How to limit the amount of requests per ip in Node.JS? - node.js

I'm was trying to think of a way to help minimize the damage on my node.js application if I ever get a DDOS attack. I want to limit requests per IP. I want to limit every IP address to so many requests per second. For example: No IP address can exceed 10 requests every 3 seconds.
So far I have come up with this:
http.createServer(req, res, function() {
if(req.connection.remoteAddress ?????? ) {
block ip for 15 mins
}
}

If you want to build this yourself at the app server level, you will have to build a data structure that records each recent access from a particular IP address so that when a new request arrives, you can look back through the history and see if it has been doing too many requests. If so, deny it any further data.

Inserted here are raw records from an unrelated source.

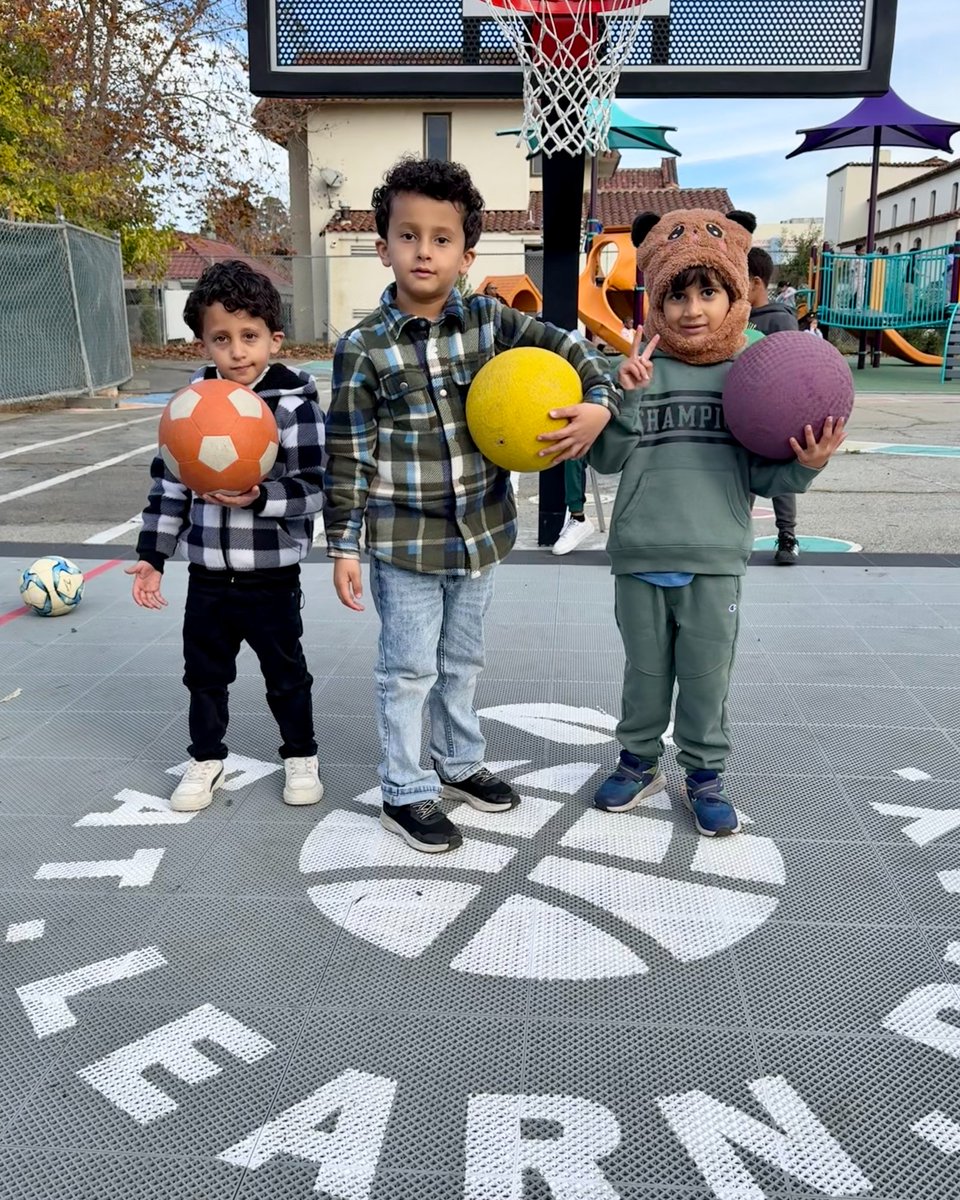 eatlearnplay's tweet image. When kids play, we all win. Just one hour of play a day can boost focus, build confidence, and create space for the simple joys of being a kid. At Eat. Learn. Play., we’re expanding access to safe places to play and school-based sports.

Support our work: give.eatlearnplay.org/campaign/75237…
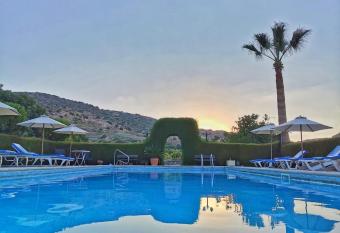 Ampelokipi Holiday Apartments has Balcony rooms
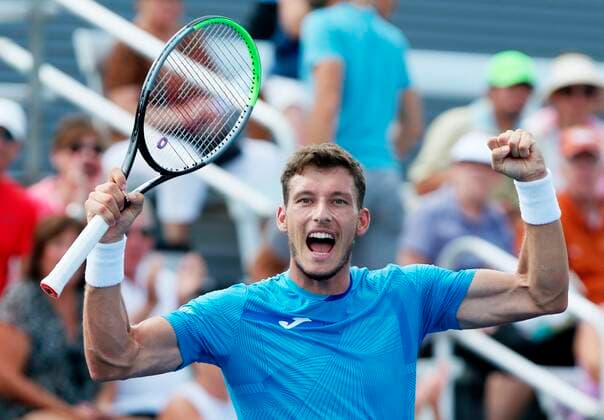 Sport Bilder des Tages Pablo Carreno Busta of Spain celebrates the victory against Hubert Hurkacz of Poland, during the third round of the Cincinnati Masters, at the Linder Tennis Center, in Mason, Ohio, US, 19 August 2021. Masters de Cincinnati !ACHTUNG: NUR REDAKTIONELLE NUTZUNG!  Copyright: xMARKxLYONSx AME9826 20210819-469ab1aefdac61019593d66aeb85481dac76945e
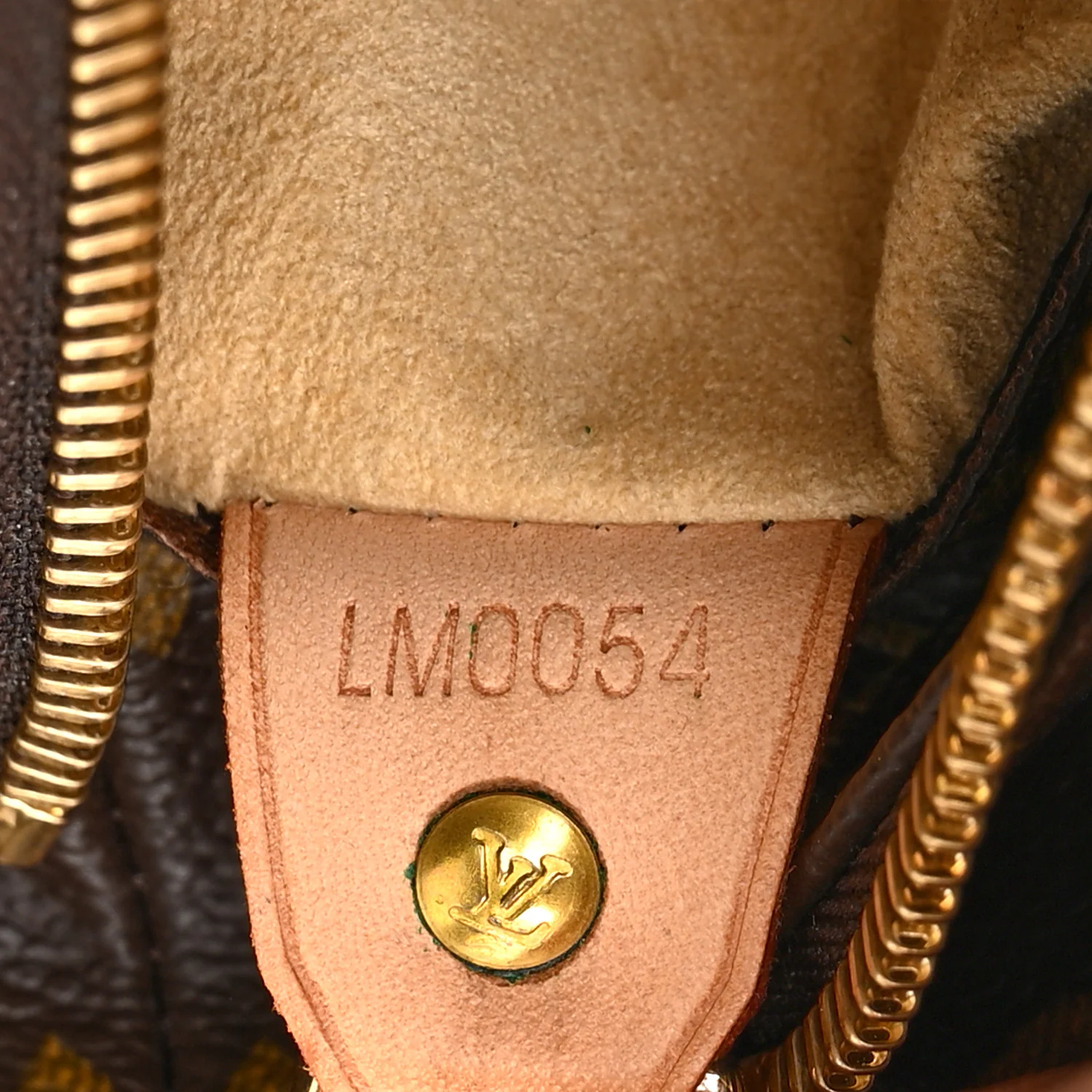 Monogram Luco - Image 7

And, to keep this data from piling up in your server, you'd also need some sort of cleanup code that gets rid of old access data.
Here's an idea for a way to do that (untested code to illustrate the idea):
function AccessLogger(n, t, blockTime) {
this.qty = n;
this.time = t;
this.blockTime = blockTime;
this.requests = {};
// schedule cleanup on a regular interval (every 30 minutes)
this.interval = setInterval(this.age.bind(this), 30 * 60 * 1000);
}
AccessLogger.prototype = {
check: function(ip) {
var info, accessTimes, now, limit, cnt;
// add this access
this.add(ip);
// should always be an info here because we just added it
info = this.requests[ip];
accessTimes = info.accessTimes;
// calc time limits
now = Date.now();
limit = now - this.time;
// short circuit if already blocking this ip
if (info.blockUntil >= now) {
return false;
}
// short circuit an access that has not even had max qty accesses yet
if (accessTimes.length < this.qty) {
return true;
}
cnt = 0;
for (var i = accessTimes.length - 1; i >= 0; i--) {
if (accessTimes[i] > limit) {
++cnt;
} else {
// assumes cnts are in time order so no need to look any more
break;
}
}
if (cnt > this.qty) {
// block from now until now + this.blockTime
info.blockUntil = now + this.blockTime;
return false;
} else {
return true;
}
},
add: function(ip) {
var info = this.requests[ip];
if (!info) {
info = {accessTimes: [], blockUntil: 0};
this.requests[ip] = info;
}
// push this access time into the access array for this IP
info.accessTimes.push[Date.now()];
},
age: function() {
// clean up any accesses that have not been here within this.time and are not currently blocked
var ip, info, accessTimes, now = Date.now(), limit = now - this.time, index;
for (ip in this.requests) {
if (this.requests.hasOwnProperty(ip)) {
info = this.requests[ip];
accessTimes = info.accessTimes;
// if not currently blocking this one
if (info.blockUntil < now) {
// if newest access is older than time limit, then nuke the whole item
if (!accessTimes.length || accessTimes[accessTimes.length - 1] < limit) {
delete this.requests[ip];
} else {
// in case an ip is regularly visiting so its recent access is never old
// we must age out older access times to keep them from
// accumulating forever
if (accessTimes.length > (this.qty * 2) && accessTimes[0] < limit) {
index = 0;
for (var i = 1; i < accessTimes.length; i++) {
if (accessTimes[i] < limit) {
index = i;
} else {
break;
}
}
// remove index + 1 old access times from the front of the array
accessTimes.splice(0, index + 1);
}
}
}
}
}
}
};
var accesses = new AccessLogger(10, 3000, 15000);
// put this as one of the first middleware so it acts
// before other middleware spends time processing the request
app.use(function(req, res, next) {
if (!accesses.check(req.connection.remoteAddress)) {
// cancel the request here
res.end("No data for you!");
} else {
next();
}
});
This method also has the usual limitations around IP address monitoring. If multiple users are sharing an IP address behind NAT, this will treat them all as one single user and they may get blocked due to their combined activity, not because of the activity of one single user.
But, as others have said, by the time the request gets this far into your server, some of the DOS damage has already been done (it's already taking cycles from your server). It might help to cut off the request before doing more expensive operations such as database operations, but it is even better to detect and block this at a higher level (such as Nginx or a firewall or load balancer).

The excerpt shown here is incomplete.